About this exercise :: Instruction for the entries that follow: retype exactly the lines from the line with "Quiksilver Waterman Blue" to the line with "image for item FB3194", both included, and omit all others.

Web page caption snippets:
++++++
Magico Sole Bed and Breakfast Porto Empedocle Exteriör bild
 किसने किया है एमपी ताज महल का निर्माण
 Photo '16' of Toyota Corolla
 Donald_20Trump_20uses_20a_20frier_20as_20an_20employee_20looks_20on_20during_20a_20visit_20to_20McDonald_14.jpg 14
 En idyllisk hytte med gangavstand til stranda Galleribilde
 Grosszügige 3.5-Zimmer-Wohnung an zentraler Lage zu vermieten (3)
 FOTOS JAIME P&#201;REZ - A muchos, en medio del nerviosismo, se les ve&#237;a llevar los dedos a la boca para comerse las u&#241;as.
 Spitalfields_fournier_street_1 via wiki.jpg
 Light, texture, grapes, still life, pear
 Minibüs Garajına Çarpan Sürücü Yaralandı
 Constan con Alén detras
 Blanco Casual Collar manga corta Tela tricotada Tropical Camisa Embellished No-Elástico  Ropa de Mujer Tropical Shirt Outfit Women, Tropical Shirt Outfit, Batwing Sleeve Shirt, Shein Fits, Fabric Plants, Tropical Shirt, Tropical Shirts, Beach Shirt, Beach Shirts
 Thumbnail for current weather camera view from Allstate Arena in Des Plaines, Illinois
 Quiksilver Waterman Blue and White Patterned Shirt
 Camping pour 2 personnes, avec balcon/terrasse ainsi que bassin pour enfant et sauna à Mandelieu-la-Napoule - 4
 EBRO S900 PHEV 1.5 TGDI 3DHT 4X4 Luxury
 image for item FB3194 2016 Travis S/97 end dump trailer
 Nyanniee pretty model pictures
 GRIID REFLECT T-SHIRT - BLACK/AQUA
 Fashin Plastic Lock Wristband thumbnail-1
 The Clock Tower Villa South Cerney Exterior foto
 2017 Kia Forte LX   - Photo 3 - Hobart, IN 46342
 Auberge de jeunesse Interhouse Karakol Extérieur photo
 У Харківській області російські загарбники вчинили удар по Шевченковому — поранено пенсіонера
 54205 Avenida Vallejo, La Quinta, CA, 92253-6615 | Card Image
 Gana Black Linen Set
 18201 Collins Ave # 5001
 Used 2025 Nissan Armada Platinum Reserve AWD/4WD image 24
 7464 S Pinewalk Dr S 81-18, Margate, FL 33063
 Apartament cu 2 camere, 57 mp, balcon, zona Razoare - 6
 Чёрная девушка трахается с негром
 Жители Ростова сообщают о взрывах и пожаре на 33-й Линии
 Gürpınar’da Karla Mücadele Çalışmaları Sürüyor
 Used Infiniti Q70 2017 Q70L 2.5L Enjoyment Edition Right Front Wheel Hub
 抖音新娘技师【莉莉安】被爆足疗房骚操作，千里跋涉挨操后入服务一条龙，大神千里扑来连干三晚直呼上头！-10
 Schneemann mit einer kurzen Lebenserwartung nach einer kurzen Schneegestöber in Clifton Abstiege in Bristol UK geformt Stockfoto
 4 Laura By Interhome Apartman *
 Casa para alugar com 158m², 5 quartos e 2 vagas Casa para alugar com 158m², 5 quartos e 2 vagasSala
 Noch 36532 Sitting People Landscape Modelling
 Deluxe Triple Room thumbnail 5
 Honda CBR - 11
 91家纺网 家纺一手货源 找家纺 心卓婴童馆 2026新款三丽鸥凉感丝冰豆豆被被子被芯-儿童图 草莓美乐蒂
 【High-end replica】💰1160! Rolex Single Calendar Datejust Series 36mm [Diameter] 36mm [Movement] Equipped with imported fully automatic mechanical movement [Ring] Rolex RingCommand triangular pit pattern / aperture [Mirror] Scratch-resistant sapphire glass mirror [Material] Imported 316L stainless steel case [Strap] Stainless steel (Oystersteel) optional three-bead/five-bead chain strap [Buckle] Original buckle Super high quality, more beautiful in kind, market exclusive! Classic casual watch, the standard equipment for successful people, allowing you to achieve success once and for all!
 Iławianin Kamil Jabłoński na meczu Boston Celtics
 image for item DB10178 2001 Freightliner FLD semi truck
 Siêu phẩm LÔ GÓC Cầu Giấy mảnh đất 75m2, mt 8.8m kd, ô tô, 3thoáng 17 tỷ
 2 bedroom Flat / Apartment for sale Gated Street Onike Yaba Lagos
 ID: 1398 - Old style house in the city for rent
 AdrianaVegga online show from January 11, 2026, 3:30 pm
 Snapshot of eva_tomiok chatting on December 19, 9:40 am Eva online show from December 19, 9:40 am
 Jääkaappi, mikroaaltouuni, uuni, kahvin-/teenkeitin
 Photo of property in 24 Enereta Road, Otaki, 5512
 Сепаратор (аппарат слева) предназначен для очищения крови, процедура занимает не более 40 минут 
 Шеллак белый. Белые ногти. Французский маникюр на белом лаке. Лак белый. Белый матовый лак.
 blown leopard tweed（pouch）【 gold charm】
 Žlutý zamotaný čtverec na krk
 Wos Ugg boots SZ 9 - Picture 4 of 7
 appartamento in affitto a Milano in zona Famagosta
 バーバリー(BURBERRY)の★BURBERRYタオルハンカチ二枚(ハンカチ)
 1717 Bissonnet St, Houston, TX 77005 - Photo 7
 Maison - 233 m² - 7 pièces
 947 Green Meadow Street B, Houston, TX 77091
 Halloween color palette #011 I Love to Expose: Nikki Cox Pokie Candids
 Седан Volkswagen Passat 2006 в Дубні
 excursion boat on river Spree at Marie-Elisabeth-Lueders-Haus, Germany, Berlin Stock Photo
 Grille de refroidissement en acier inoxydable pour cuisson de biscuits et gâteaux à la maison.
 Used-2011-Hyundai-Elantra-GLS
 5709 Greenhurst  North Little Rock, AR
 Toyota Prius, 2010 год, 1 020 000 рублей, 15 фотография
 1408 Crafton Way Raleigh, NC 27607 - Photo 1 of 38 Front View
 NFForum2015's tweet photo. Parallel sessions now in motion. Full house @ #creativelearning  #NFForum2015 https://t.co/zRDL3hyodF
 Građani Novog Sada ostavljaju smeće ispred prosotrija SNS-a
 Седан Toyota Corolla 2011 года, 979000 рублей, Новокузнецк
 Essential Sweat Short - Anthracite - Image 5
++++++
Completed exercise ::
 Quiksilver Waterman Blue and White Patterned Shirt
 Camping pour 2 personnes, avec balcon/terrasse ainsi que bassin pour enfant et sauna à Mandelieu-la-Napoule - 4
 EBRO S900 PHEV 1.5 TGDI 3DHT 4X4 Luxury
 image for item FB3194 2016 Travis S/97 end dump trailer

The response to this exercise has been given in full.